Thrust 1: Foundation of CDRL

Lead: PI Yu

This thrust aims to establish theoretical foundations of CDRL and focuses on policy and environmental safety. Having full information on reward distribution provides a unified framework for handling a variety of risk measures. However, the fundamental properties of this risk-sensitive DRL framework have yet to be fully understood. For example, what safety and risk guarantees can DRL provide, beyond the traditional RL? How can we guarantee global convergence under DRL and what is the fundamental iteration/sample complexity (i.e., the minimum number of iterations/samples required for learning the optimal policy)?

Thrust 2: Online CDRL

Lead: PI Ying

Our focus in Thrust 1 is to learn a safe policy using DRL under a variety of risk measures and constraint types. Since reinforcement learning is an iterative process where an agent interacts with an environment, takes actions, and receives signals of rewards, penalties and constraint violations, an equally important consideration of safe RL-enabled systems is the safety during the learning. In other words, we need to safely learn a safe policy. Therefore, this thrust devotes to safe online learning and decision-making under CDRL, i.e., the safety when learning the safe policy. 

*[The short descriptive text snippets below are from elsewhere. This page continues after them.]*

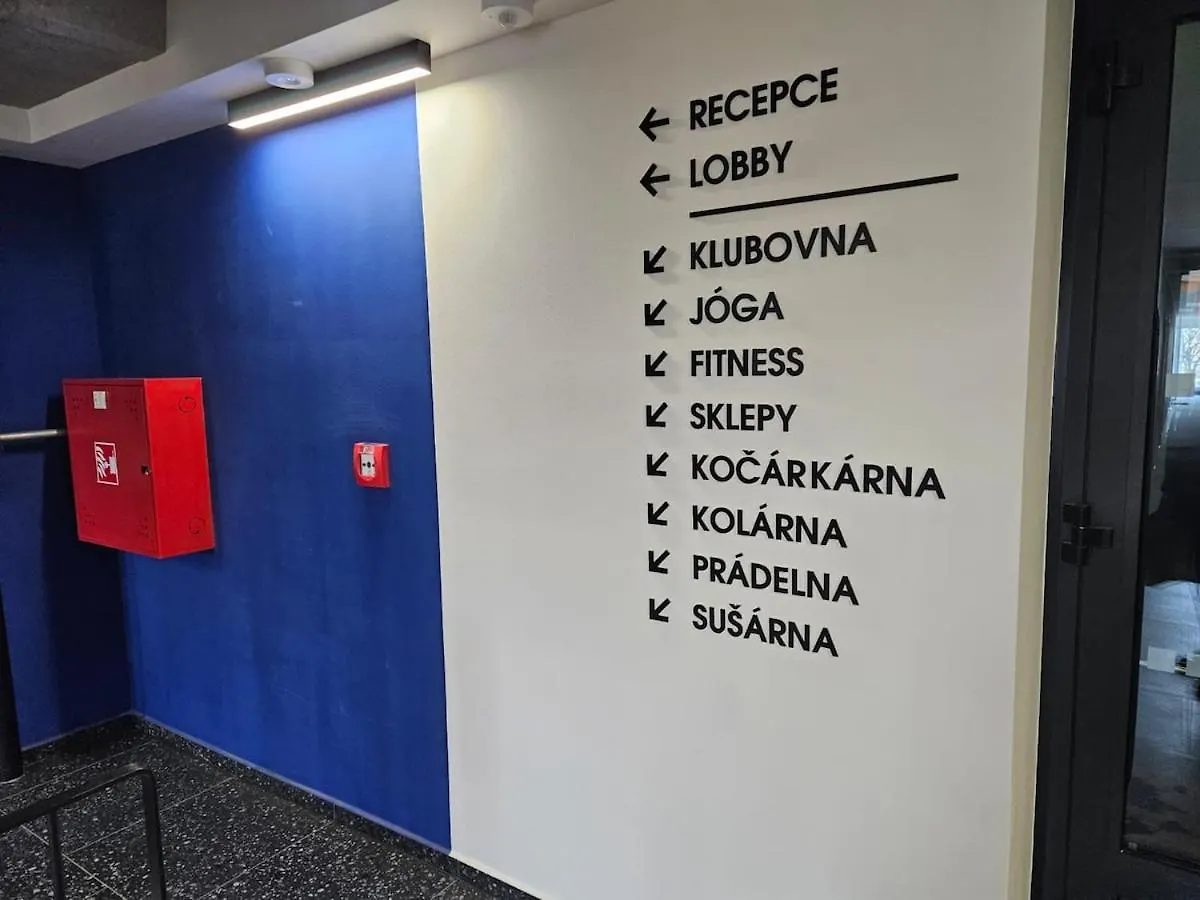 Apartmán Live-Inn Prague Cozy Suite For 1-4 Guests, 20 Mins To Center, Lift, Gym, Reception, Parking, Roof Terrace, Game & Party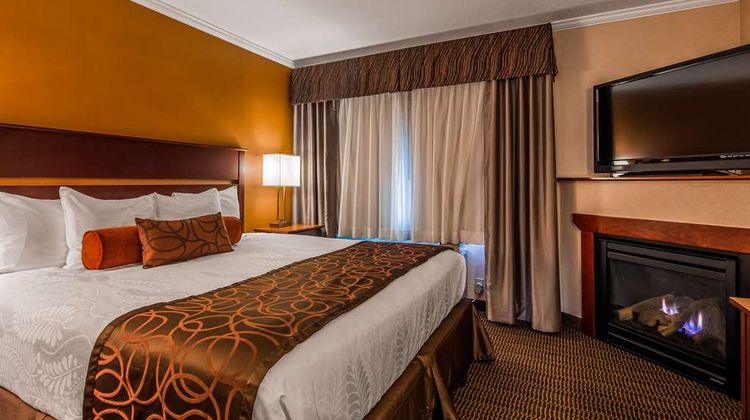 Best Western Plus Landmark Inn Room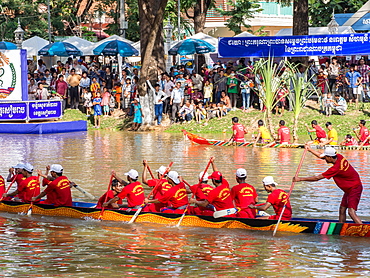 Boat racing at the Water and Moon Festival (Bon Om Tuk), Siem Reap, Cambodia, Indochina, Southeast Asia, Asia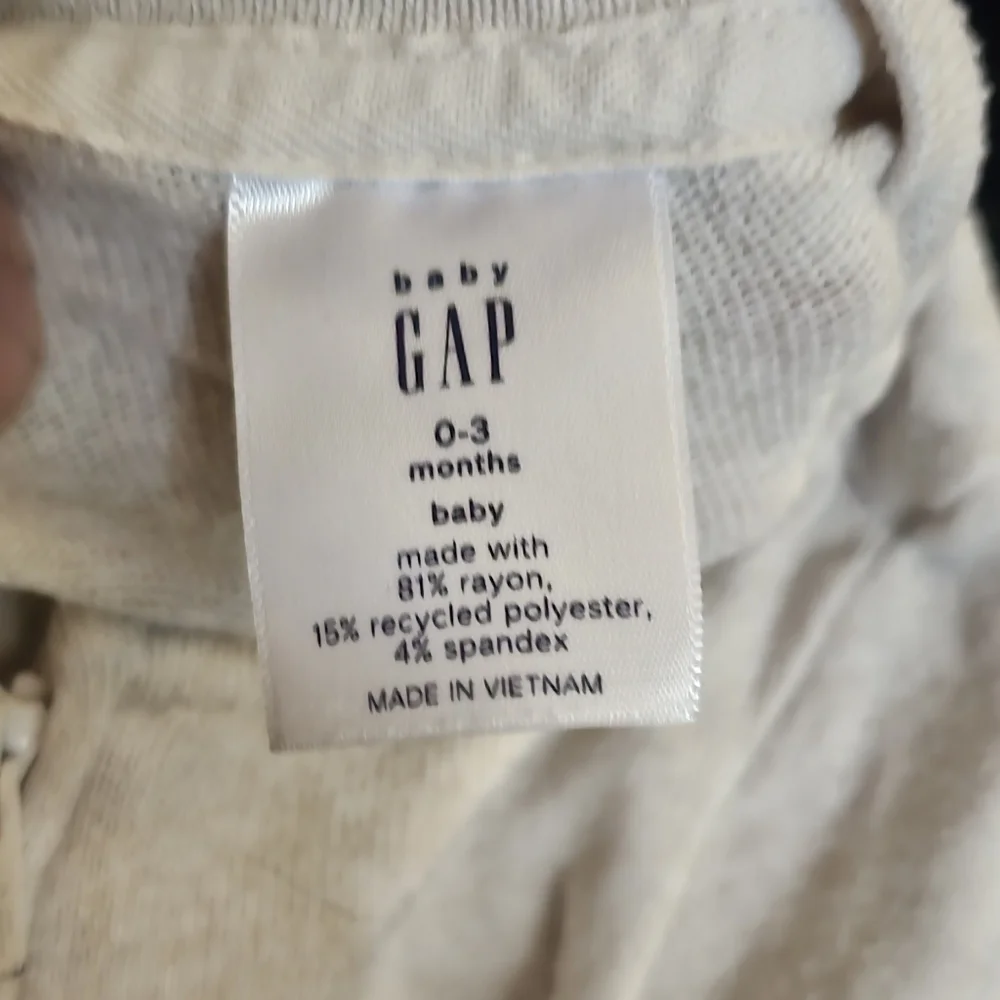 BABY Gap Cream Zip Sweater 0-3m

Thrust 3: Physics-Enhanced CDRL

Lead: PI Liu

This thrust focuses on embedding physics in CDRL to improve the policy, exploration, and environmental safety studied in Thrusts 1 and 2. One unique contribution of this thrust is to augment the CDRL with physics and knowledge for enhanced predictive power and risk awareness, especially in unseen and unknown scenarios. This thrust will develop methods to embed physics into end-to-end learning, including augmenting input data, augmenting learning models, and argument loss functions.

Thrust 4: Validation and Experiments

Lead: PI Zhang

This thrust thoroughly evaluates the proposed CDRL framework using autonomous drones in three different missions: 1) environment monitoring, 2) tracking moving objects, 3) payload delivery. A set of risk factors will be identified to evaluate the performance of the CDRL when 1) the environment remains consistent between training and testing (policy safety), 2) there are dynamic changes in the environments (exploration safety), and 3) obstacles and disturbances exist in the environment (environmental safety). We will start with high-fidelity simulation to collect training data and evaluate the CDRL performance before implementing the CDRL in quadrotors for experiments.